On 6/24/20 2:49 PM, Keith Busch wrote:
On Wed, Jun 24, 2020 at 12:03:41PM -0700, Sagi Grimberg wrote:

If the controller does not support the CNS value, it may return Invalid
Field with DNR set. That error currently gets propogated back to
nvme_init_ns_head(), which then abandons the namespace. Just as the code
coments say, we had been historically been clearing such errors because
we have other ways to identify the namespace, but now we're not clearing
that error.

I don't understand what you are saying Keith.

My comment was for this block:
--
       if (!status && nvme_multi_css(ctrl) && !csi_seen) {
           dev_warn(ctrl->device, "Command set not reported for nsid:%d\n",
                nsid);
           status = -EINVAL;
       }
--

I was saying that !status doesn't necessarily mean success, but it can
also mean that its an retry-able error status (due to transport or
controller). If we see a retry-able error we should still clear the
status so we don't abandon the namespace.

This for example would achieve that:

We're not talking about the same thing. I am only talking about what
introduced the DNR check, from commit 59c7c3caaaf87.

I know you added it because you want to abort comparing identifiers on a
rescan when retrieving the identifiers failed. That's fine, but I am
saying this fails namespace creation in the first place for some types
of devices that used to succeed.

OK, now I think I understand (thanks for clarifying that the discussion
is not on patch 3/5, but rather on 59c7c3caaaf87).
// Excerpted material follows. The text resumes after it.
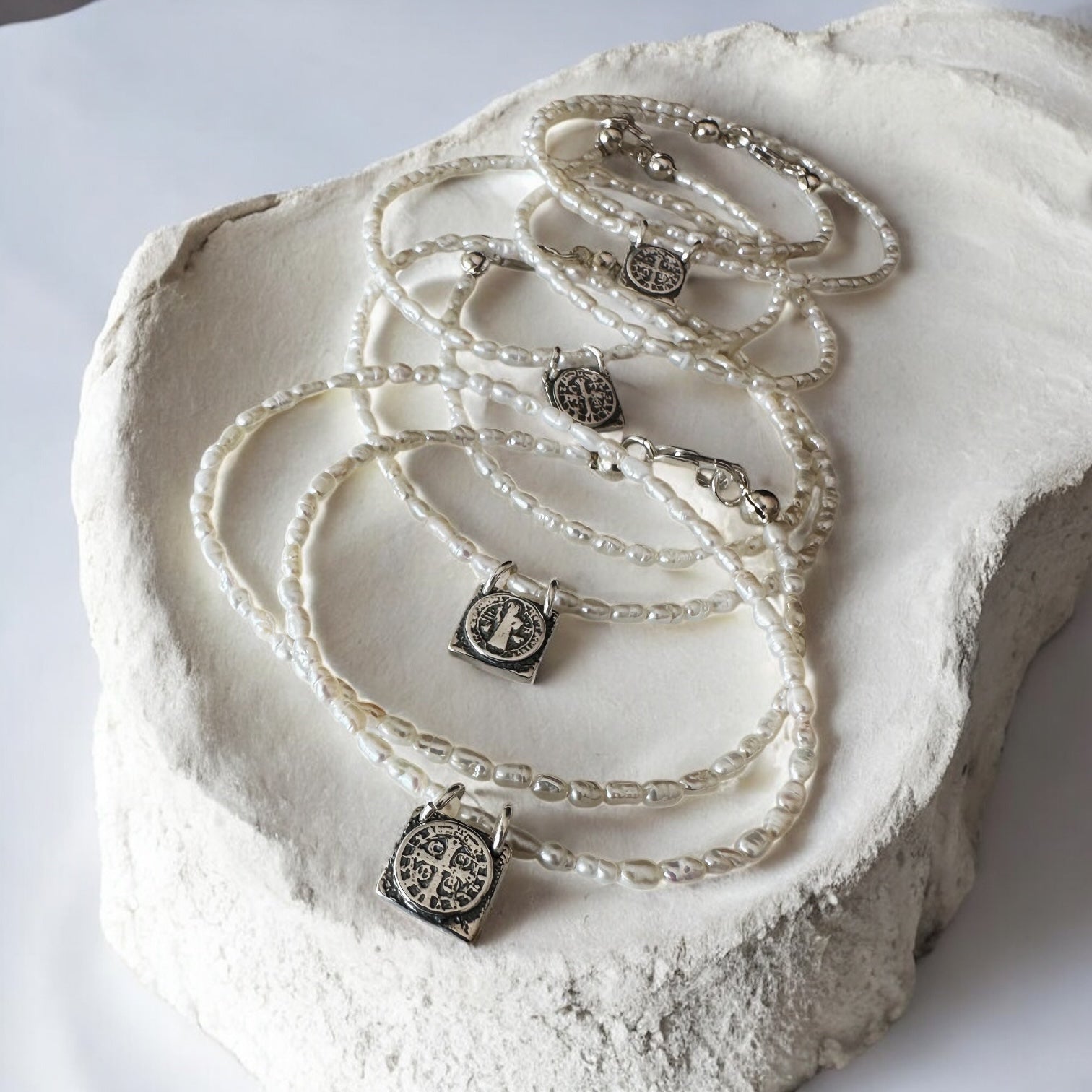 Pulsera Mini Escapulario San Benito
So the original proposal was to check NVME_SC_HOST_PATH_ERROR (and now
we have NVME_SC_HOST_ABORTED_CMD) but with the review Christoph gave
it seemed to make more sense that we generalize and check the DNR bit.

Okay, I didn't question this approach when it first went through, so
sorry about this digression, but I really don't get how this DNR check
helps at all.

The code currently returns an error if DNR is set.

Right.

Based on the commit
messages, it sounds like you need that error to skip comparing
identifiers through nvme's scan_work calling revalidate_disk():
suppressing the error has revalidate_disk() fail with -ENODEV when
comparing identifiers fails.

Your understanding is correct.

Since we do return the error when DNR is set, we skip comparing
identifiers and return blk_status_to_errno(nvme_error_status(ret))
instead. How is that errno an improvement?

See nvme_revalidate_disk:
out:
        /*
         * Only fail the function if we got a fatal error back from the
         * device, otherwise ignore the error and just move on.
         */
        if (ret == -ENOMEM || (ret > 0 && !(ret & NVME_SC_DNR)))
                ret = 0;
        else if (ret > 0)
                ret = blk_status_to_errno(nvme_error_status(ret));
        return ret;

So we don't actually propagate the error back if its a non-DNR (hence
retry-able error). The errno was there before in order to not leak NVMe
errors to the block layer.

And then if DNR is not set, we suppress the error and proceed with
comparing identifiers??

Wait, I think that I re-read it it's backwards. The intent was to indeed
clear the error for the DNR case and propagate the error for the non-DNR
case!

The code needs to be:
--

diff --git a/drivers/nvme/host/core.c b/drivers/nvme/host/core.c
index 2afed32d3892..3e84ab6c2bd3 100644
--- a/drivers/nvme/host/core.c
+++ b/drivers/nvme/host/core.c
@@ -1130,7 +1130,7 @@ static int nvme_identify_ns_descs(struct nvme_ctrl 
*ctrl, unsigned nsid,
                  * Don't treat an error as fatal, as we potentially 
already
                  * have a NGUID or EUI-64.
                  */
-               if (status > 0 && !(status & NVME_SC_DNR))
+               if (status > 0 && (status & NVME_SC_DNR))
                        status = 0;
                goto free_data;
        }
--

This way, if the controller failed the identify it will be with DNR
status and we will silently ignore, and if the transport failed its
a non-DNR status, and we propagate the status back, skip the id compare,
and then silently ignore the error in nvme_revalidate_disk (as above).

Looking into the original fix we had internally, this was the case, and
got fat-fingered in I can only assume...

Will send a fix right away, good catch keith!